Sam Francis’s legacy is a divided estate. His innovative applications of Burnham’s thought were prophetic in one important sense. Middle America remains enraged at the cultural and media elites. To Francis’s disappointment this anger has been effectively harnessed by the mainstream conservative movement to ends he never fully endorsed. Scott McConnell of the American Conservative asked Francis to write a piece for the magazine describing why the Middle American Revolution did not happen after all. The paleoconservative movement he helped shape has distanced itself from Francis’s most radical ideas. Though Chronicles and the American Conservative still decry our elites and advance some of the same positions Sam Francis promoted — immigration restriction, non-interventionism in foreign policy, the extrication of America from transnational institutions, and a revived American nationalism — these magazines do not pine for a Middle American Revolution. Paleoconservatives talk about race, but they do so in the way of Charles Murray or 1970s Commentary. Their writings do not emanate hostility or bitterness, as Francis’s often did, toward American blacks and Hispanics.

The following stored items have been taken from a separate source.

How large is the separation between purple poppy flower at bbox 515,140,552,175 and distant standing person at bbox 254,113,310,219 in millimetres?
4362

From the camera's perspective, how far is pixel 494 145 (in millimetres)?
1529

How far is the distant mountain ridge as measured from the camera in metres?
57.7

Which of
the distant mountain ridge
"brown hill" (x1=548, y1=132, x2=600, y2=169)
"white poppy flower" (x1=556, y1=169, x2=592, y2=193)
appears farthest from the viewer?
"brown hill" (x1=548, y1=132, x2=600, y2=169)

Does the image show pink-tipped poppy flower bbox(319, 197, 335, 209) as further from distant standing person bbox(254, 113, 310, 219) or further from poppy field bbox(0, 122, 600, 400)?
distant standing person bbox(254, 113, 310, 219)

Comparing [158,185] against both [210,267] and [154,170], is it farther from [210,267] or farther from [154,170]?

Though the paleos are correct and it is expedient for them to distance themselves from the substance and tone of Francis’s later work, there is room for thinkers to carry on his analysis of Middle American grievances. The managerial elite he and Burnham described still exists. Even the neoconservatives, whom Francis detested, have written critically about ‘the New Class’ that Burnham described. If there comes a time when neos and paleos can transcend their differences over foreign policy, the first thing they might discuss is the nature of the elite class and what is to be done about it. Can it be reformed? Is it possible to begin dismantling “the apparatus” of elite power? This idea is worth pulling from the ashes of Sam Francis’s reputation:

The desire to dethrone elite power, and to tear down the Leviathan state the elite built, can still animate the conservative movement, intellectually and politically. In the keynote speech for the Intercollegiate Studies Institute’s 50th Anniversary Gala (which Francis declined to attend), William F. Buckley Jr. invoked Francis by name, referring to him as “a spokesman for the castaways David Keene spoke about as having earned their exclusion from thoughtful conservative ranks.”

In an e-mail to friend and colleague Tom Piatak, Francis, ever defiant, remarked on William F. Buckley’s reputation for the “precise use of words and language.

“As I have mentioned before, a “castaway” is someone like Robinson Crusoe who managed to save himself after the ship on which he was traveling was wrecked . . . It is not someone cast out or away from a ship. That is called being marooned (Ben Gunn in Treasure Island is an example, as was Alexander Selkirk on whom Crusoe was based). The word “castaway” as applied to me by [Buckley] implies that the conservative movement was the ship in which I was traveling, that it wrecked and I survived.